Work instructions: Using the listing below, set down each line from the line containing "Galium angustifolium, photograph 5" through the line containing "svartkondor - ML646871403", both ends included, exactly and with nothing added.

***** Material for this task *****

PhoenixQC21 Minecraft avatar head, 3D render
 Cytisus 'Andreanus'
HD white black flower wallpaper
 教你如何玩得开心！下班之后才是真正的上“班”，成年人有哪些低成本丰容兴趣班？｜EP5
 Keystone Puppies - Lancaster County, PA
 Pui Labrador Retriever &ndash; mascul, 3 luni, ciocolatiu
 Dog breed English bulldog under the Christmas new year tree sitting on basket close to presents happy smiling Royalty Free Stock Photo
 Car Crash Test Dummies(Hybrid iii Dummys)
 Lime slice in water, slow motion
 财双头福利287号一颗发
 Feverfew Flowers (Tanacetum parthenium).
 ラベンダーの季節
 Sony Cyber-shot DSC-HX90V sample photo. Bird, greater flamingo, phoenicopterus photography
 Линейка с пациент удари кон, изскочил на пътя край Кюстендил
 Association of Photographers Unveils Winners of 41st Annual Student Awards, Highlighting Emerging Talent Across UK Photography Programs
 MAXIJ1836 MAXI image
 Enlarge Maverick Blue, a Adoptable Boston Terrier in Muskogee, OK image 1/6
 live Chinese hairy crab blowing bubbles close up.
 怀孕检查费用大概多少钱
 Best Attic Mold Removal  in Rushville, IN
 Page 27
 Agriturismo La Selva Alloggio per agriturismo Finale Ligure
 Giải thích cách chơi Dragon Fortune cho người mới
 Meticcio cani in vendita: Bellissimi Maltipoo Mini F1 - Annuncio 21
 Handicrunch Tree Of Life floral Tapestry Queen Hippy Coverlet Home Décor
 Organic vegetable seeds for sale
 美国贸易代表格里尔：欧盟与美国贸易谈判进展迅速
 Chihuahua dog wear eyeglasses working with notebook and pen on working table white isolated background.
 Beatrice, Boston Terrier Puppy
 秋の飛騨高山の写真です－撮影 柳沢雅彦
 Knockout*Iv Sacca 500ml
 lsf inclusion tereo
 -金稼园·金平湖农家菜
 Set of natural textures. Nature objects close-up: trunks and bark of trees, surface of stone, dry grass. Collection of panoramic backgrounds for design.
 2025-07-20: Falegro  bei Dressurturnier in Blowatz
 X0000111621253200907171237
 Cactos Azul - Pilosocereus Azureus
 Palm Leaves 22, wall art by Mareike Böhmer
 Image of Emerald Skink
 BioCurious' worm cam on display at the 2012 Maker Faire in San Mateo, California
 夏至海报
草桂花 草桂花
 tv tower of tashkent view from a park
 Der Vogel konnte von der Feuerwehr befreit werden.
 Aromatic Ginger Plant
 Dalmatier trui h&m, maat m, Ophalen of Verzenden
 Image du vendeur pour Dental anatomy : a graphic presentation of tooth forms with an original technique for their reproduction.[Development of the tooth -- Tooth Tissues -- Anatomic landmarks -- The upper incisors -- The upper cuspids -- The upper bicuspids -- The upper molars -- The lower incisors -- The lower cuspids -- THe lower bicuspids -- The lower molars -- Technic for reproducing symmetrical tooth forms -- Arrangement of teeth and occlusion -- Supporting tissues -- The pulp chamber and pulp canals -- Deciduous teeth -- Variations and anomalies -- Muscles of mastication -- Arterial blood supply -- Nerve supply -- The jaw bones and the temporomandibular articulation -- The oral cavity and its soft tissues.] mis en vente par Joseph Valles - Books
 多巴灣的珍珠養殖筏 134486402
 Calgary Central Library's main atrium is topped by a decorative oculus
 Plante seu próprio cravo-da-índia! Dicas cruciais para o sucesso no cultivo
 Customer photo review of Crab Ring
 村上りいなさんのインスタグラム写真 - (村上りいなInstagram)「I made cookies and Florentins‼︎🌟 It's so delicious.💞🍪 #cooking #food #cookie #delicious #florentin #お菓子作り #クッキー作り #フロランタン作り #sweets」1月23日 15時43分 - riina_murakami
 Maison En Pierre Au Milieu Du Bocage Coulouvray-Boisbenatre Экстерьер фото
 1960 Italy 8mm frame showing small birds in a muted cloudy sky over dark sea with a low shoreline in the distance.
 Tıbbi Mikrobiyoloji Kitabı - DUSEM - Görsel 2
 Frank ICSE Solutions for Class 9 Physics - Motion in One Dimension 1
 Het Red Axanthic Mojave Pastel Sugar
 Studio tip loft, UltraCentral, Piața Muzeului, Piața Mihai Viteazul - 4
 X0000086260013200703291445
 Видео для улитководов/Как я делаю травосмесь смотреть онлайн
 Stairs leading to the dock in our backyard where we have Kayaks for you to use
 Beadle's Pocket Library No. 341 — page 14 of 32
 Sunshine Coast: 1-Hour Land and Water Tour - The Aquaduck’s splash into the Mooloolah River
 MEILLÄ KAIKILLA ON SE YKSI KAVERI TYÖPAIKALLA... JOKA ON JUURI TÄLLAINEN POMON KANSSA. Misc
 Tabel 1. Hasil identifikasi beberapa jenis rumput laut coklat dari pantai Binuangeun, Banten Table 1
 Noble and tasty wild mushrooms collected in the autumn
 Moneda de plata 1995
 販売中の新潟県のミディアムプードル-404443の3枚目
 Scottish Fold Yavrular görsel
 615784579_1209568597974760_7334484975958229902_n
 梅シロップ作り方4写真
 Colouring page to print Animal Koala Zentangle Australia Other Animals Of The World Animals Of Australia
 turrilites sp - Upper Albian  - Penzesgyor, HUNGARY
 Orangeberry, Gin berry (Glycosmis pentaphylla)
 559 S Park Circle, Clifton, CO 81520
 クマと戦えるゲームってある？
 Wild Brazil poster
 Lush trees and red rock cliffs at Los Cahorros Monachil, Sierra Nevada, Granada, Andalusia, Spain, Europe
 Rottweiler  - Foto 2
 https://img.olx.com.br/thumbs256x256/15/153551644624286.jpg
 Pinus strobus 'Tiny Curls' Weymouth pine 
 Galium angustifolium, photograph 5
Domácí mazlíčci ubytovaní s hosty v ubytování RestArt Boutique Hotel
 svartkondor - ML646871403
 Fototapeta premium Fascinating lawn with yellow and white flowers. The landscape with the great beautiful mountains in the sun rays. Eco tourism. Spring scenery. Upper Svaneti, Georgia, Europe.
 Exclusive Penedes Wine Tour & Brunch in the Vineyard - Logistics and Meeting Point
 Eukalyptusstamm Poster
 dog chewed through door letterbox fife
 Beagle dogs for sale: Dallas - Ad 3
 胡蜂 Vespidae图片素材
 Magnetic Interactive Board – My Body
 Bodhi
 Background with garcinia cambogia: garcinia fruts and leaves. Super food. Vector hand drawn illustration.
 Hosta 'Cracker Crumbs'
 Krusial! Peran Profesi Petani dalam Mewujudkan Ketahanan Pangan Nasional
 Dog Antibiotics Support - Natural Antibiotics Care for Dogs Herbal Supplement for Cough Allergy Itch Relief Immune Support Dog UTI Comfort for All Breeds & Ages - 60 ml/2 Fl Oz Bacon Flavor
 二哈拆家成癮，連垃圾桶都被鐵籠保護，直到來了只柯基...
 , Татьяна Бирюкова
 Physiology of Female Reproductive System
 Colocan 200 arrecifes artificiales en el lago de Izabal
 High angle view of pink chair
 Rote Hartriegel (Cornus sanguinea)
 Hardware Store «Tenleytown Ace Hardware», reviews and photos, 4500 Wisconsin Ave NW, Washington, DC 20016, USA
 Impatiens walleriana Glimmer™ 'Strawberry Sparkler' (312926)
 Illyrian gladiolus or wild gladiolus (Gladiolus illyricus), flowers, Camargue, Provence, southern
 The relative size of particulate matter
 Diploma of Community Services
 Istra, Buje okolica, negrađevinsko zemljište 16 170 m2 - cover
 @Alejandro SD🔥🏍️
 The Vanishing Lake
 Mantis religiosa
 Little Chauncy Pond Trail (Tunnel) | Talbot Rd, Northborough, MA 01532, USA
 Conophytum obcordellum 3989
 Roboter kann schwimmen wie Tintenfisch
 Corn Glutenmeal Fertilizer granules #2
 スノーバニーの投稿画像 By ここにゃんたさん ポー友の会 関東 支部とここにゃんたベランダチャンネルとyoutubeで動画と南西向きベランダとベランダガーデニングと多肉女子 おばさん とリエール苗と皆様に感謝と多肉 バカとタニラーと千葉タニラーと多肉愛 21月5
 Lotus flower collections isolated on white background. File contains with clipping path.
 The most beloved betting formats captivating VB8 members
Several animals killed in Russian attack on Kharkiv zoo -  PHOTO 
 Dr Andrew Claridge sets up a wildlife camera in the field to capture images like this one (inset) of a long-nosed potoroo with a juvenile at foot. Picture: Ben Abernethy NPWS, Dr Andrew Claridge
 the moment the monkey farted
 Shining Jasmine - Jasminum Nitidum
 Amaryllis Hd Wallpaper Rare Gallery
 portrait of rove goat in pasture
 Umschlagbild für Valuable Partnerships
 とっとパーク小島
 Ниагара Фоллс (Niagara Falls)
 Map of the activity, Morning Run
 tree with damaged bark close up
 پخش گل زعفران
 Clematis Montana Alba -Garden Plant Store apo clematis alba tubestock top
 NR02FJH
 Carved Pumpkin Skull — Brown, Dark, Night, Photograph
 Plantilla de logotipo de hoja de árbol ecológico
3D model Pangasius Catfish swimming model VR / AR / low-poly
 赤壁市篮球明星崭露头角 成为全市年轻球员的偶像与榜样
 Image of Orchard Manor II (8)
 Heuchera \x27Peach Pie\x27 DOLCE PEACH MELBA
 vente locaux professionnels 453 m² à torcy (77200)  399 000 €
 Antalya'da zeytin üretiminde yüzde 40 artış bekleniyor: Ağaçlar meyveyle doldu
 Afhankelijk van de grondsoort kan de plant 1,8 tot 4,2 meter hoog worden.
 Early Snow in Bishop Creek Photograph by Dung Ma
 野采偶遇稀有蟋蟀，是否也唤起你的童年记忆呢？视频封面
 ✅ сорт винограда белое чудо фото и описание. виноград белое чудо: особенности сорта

*****

Solution:
 Galium angustifolium, photograph 5
Domácí mazlíčci ubytovaní s hosty v ubytování RestArt Boutique Hotel
 svartkondor - ML646871403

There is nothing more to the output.